Lejący się z nieba żar, gryzący pył, utrudniający oddychanie piasek, ponad 200 km odcinka specjalnego i kilkanaście godzin walki na trasie - tak wyglądał wczoraj pierwszy polski odcinek XVI Rajdu Drezno-Wrocław. Dziś przed zawodnikami kolejne wyzwania na poligonie w okolicach Recza. Na załogi czekają zmagania na ponad 150 km etapie.

Dzisiejszy etap był bardzo skomplikowany nawigacyjnie. Rzeczywiście pilot ma co robić. Wszystkie muldy, które w poprzednich edycjach tego rajdu były łagodne i mokre, teraz wyglądają jak zasklepiony piach, jak skały, które dosłownie przecinają opony. Ja na szczęście przejechałem dzisiejszy etap bez awarii. Widziałem po drodze u kolegów: pokrzywione felgi, porozcinane opony, pourywane zawieszenia … Kurz, który wchodzi dosłownie wszędzie: do nosa, do uszu. Otwieramy usta, które po chwili są pełne piachu. Jeździmy w maskach, jednak piach non stop zgrzyta w zębach - opowiadał o trudach wczorajszego odcinka Mirek Kozioł, kierowca RMF Caroline Team.

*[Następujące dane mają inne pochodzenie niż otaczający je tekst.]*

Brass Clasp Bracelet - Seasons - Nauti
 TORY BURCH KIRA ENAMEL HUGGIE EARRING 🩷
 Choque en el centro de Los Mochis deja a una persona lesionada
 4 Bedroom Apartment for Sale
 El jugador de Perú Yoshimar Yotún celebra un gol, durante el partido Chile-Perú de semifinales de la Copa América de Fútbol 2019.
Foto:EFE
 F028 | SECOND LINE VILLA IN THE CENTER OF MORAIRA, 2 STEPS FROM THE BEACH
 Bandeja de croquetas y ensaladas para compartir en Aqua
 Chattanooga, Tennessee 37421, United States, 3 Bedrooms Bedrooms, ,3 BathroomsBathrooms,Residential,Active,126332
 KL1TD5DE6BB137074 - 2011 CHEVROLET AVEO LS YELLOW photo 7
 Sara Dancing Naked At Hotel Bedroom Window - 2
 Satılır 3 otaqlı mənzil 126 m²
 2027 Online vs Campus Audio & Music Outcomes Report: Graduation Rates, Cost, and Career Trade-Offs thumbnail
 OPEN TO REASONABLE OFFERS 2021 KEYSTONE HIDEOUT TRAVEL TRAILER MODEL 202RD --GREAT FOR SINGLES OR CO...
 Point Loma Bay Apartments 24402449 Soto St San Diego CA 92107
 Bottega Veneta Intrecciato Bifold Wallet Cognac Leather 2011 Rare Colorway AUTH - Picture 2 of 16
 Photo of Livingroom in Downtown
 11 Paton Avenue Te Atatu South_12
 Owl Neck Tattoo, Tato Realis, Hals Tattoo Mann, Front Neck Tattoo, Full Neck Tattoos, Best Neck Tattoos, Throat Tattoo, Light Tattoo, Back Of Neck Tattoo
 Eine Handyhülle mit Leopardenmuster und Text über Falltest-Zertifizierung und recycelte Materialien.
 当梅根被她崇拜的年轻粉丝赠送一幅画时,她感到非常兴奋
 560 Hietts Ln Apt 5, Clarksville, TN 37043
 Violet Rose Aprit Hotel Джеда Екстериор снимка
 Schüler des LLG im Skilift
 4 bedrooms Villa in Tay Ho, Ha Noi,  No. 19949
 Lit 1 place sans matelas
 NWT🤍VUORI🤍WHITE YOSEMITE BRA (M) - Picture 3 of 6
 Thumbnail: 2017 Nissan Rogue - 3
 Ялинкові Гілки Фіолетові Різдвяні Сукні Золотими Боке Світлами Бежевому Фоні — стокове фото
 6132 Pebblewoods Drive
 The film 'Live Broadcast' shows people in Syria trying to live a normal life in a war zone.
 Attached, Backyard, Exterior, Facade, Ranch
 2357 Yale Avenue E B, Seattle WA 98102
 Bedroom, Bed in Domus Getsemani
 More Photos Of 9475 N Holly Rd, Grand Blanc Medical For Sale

Auto Rafała Płuciennika uległo awarii na trasie. Mimo trzykrotnej próby usterki nie udało się usunąć. Mamy zamontowany system Finder. Dzięki temu możecie Państwo śledzić nasze poczynania na trasie. Nasi serwisanci także widzą na ekranie komputera, jak się przemieszczamy i czy potrzebujemy pomocy. Mechanicy dotarli do nas błyskawicznie, mimo że znajdowaliśmy się na poligonie, w lesie - mówił Płuciennik.